Departmental Papers (Dental)
AMPK Modulation Ameliorates Dominant Disease Phenotypes of CTRP5 Variant in Retinal Degeneration
Date of this Version
Article number 1360
Late-onset retinal degeneration (L-ORD) is an autosomal dominant disorder caused by a missense substitution in CTRP5. Distinctive clinical features include sub-retinal pigment epithelium (RPE) deposits, choroidal neovascularization, and RPE atrophy. In induced pluripotent stem cells-derived RPE from L-ORD patients (L-ORD-iRPE), we show that the dominant pathogenic CTRP5 variant leads to reduced CTRP5 secretion. In silico modeling suggests lower binding of mutant CTRP5 to adiponectin receptor 1 (ADIPOR1). Downstream of ADIPOR1 sustained activation of AMPK renders it insensitive to changes in AMP/ATP ratio resulting in defective lipid metabolism, reduced Neuroprotectin D1(NPD1) secretion, lower mitochondrial respiration, and reduced ATP production. These metabolic defects result in accumulation of sub-RPE deposits and leave L-ORD-iRPE susceptible to dedifferentiation. Gene augmentation of L-ORD-iRPE with WT CTRP5 or modulation of AMPK, by metformin, re-sensitize L-ORD-iRPE to changes in cellular energy status alleviating the disease cellular phenotypes. Our data suggests a mechanism for the dominant behavior of CTRP5 mutation and provides potential treatment strategies for L-ORD patients. © 2021, This is a U.S. government work and not under copyright protection in the U.S.; foreign copyright protection may apply.

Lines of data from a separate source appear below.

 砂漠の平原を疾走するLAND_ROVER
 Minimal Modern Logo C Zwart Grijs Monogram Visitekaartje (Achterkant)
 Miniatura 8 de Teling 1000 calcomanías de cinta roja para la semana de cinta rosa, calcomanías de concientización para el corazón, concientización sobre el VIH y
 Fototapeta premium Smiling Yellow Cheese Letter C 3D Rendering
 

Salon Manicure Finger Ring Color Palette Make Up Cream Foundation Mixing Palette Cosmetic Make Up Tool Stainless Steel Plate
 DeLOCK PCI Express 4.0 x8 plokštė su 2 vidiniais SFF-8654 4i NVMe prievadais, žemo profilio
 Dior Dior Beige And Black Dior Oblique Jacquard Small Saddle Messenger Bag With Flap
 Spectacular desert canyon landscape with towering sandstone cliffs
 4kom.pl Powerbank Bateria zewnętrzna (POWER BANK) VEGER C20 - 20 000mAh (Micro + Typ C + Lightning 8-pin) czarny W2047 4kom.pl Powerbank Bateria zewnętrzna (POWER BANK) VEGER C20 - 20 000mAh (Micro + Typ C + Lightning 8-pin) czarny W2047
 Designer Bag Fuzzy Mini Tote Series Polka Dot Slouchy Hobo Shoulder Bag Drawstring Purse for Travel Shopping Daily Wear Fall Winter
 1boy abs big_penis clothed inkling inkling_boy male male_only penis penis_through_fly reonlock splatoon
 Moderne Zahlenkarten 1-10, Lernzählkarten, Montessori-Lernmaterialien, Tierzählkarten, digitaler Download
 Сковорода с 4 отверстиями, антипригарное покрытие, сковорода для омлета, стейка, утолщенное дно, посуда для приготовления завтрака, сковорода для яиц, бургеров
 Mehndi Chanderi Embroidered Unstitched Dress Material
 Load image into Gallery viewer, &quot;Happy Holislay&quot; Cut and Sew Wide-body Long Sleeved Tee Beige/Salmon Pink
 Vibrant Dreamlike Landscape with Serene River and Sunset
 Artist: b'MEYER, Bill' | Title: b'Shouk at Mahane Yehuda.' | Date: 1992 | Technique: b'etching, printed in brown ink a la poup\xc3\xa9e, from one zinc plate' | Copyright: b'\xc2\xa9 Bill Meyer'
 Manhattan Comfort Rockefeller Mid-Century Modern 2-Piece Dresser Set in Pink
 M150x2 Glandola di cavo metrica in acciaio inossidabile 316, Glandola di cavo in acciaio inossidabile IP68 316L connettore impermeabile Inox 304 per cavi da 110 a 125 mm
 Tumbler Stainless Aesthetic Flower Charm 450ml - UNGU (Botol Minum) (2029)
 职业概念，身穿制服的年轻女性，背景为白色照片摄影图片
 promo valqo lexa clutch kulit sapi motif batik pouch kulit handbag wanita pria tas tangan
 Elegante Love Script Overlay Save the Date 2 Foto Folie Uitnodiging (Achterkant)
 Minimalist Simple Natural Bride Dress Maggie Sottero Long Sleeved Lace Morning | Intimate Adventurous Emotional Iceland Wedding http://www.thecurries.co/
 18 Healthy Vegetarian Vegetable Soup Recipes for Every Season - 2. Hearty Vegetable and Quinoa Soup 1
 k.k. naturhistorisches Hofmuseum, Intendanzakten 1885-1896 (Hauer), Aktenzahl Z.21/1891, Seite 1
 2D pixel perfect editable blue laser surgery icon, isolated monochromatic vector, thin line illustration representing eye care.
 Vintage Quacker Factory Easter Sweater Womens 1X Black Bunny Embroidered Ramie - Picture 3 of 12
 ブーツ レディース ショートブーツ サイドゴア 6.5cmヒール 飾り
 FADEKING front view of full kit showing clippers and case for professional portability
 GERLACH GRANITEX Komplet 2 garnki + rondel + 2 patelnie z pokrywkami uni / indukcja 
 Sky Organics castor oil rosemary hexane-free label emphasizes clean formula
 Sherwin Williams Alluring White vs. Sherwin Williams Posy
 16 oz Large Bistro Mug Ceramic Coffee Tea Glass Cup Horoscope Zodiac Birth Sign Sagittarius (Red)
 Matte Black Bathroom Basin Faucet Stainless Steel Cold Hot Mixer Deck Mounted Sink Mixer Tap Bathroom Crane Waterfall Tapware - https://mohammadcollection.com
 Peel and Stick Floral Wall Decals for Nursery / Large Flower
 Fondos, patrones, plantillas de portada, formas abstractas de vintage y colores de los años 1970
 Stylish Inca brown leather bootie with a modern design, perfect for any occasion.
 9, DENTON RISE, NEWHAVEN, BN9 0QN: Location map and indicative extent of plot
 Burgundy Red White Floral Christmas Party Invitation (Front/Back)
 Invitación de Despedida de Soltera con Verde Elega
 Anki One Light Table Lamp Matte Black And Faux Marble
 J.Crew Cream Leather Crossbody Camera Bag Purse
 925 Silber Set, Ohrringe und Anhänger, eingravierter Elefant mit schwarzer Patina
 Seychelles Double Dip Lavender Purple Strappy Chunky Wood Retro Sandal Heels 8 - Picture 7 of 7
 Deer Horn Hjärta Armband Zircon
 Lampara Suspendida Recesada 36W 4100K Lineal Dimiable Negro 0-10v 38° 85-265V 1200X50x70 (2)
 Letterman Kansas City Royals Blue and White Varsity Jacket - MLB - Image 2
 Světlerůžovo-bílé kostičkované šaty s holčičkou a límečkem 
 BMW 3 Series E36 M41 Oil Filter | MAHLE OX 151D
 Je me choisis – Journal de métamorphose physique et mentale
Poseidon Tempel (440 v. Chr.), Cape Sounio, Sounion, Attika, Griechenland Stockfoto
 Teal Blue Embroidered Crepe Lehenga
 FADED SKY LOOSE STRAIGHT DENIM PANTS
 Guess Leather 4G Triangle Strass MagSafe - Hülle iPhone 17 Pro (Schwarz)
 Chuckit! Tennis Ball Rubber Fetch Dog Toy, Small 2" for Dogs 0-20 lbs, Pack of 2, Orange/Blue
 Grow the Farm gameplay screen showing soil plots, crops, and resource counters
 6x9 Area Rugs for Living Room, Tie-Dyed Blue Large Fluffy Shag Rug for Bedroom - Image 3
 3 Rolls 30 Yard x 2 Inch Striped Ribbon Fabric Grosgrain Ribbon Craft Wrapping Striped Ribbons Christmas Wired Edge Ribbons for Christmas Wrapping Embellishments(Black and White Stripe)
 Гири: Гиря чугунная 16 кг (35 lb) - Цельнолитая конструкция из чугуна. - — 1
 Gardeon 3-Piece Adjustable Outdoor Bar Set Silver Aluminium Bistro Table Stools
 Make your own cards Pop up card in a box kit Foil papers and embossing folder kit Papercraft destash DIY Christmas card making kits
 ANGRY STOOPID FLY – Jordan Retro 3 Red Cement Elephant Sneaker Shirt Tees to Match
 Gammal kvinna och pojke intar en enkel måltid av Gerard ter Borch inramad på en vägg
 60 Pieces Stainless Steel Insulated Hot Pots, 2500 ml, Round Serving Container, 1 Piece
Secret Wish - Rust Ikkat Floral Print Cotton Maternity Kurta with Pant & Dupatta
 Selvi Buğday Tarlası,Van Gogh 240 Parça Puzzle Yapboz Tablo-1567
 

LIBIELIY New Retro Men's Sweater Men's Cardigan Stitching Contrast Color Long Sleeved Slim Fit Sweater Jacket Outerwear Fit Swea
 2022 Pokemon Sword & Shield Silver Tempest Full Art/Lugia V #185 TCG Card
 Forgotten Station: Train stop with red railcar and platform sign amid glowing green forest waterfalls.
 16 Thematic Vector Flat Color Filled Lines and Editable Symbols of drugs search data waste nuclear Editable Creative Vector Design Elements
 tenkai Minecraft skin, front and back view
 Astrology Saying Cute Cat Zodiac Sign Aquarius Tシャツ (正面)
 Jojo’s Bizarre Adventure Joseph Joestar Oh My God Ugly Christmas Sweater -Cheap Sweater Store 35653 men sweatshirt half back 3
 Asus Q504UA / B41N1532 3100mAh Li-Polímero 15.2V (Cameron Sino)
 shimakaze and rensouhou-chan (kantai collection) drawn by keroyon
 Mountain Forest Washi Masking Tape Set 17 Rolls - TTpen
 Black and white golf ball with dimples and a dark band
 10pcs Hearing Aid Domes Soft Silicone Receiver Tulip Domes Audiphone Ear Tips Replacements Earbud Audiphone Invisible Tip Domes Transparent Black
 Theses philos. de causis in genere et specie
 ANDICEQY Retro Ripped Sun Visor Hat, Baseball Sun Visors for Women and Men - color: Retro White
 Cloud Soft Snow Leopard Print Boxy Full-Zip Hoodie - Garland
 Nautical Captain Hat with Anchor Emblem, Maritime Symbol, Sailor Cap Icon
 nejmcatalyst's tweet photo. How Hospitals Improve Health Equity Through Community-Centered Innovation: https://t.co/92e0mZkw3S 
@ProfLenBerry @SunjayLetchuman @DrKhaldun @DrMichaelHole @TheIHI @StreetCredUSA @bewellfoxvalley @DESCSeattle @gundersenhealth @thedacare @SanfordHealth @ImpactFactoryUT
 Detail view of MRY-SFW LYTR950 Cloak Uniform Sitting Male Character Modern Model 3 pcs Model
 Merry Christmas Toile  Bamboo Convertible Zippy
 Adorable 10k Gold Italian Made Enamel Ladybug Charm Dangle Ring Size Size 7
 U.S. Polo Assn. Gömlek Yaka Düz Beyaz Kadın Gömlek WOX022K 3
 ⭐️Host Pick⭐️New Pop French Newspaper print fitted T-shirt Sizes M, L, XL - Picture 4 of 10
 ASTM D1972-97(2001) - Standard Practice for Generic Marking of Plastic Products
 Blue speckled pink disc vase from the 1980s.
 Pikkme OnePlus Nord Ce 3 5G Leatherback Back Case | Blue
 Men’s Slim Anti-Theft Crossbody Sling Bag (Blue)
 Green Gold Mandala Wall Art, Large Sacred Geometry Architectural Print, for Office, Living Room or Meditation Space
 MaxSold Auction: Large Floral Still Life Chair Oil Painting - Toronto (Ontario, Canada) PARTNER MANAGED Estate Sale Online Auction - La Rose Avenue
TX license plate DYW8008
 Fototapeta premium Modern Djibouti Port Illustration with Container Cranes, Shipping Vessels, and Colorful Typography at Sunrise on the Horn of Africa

AMP-Activated Protein Kinases; Female; Humans; Male; Middle Aged; Phenotype; Retinal Degeneration
Miyagishima, K. J., Sharma, R., Nimmagadda, M., Clore-Gronenborn, K., Qureshy, Z., Ortolan, D., Bose, D., Farnoodian, M., Zhang, C., Fausey, A., Sergeev, Y. V., Abu-Asab, M., Jun, B., Do, K. V., Guerin, M. K., Calandria, J., George, A., Guan, B., Wan, Q., Sharp, R. C., Cukras, C., Sieving, P. A., Hufnagel, R. B., Bazan, N., Boesze-Battaglia, K., Milller, S., & Bharti, K. (2021). AMPK Modulation Ameliorates Dominant Disease Phenotypes of CTRP5 Variant in Retinal Degeneration. Communications Biology, 4 (1), Article number 1360-. http://dx.doi.org/10.1038/s42003-021-02872-x
Date Posted: 08 December 2022
This document has been peer reviewed.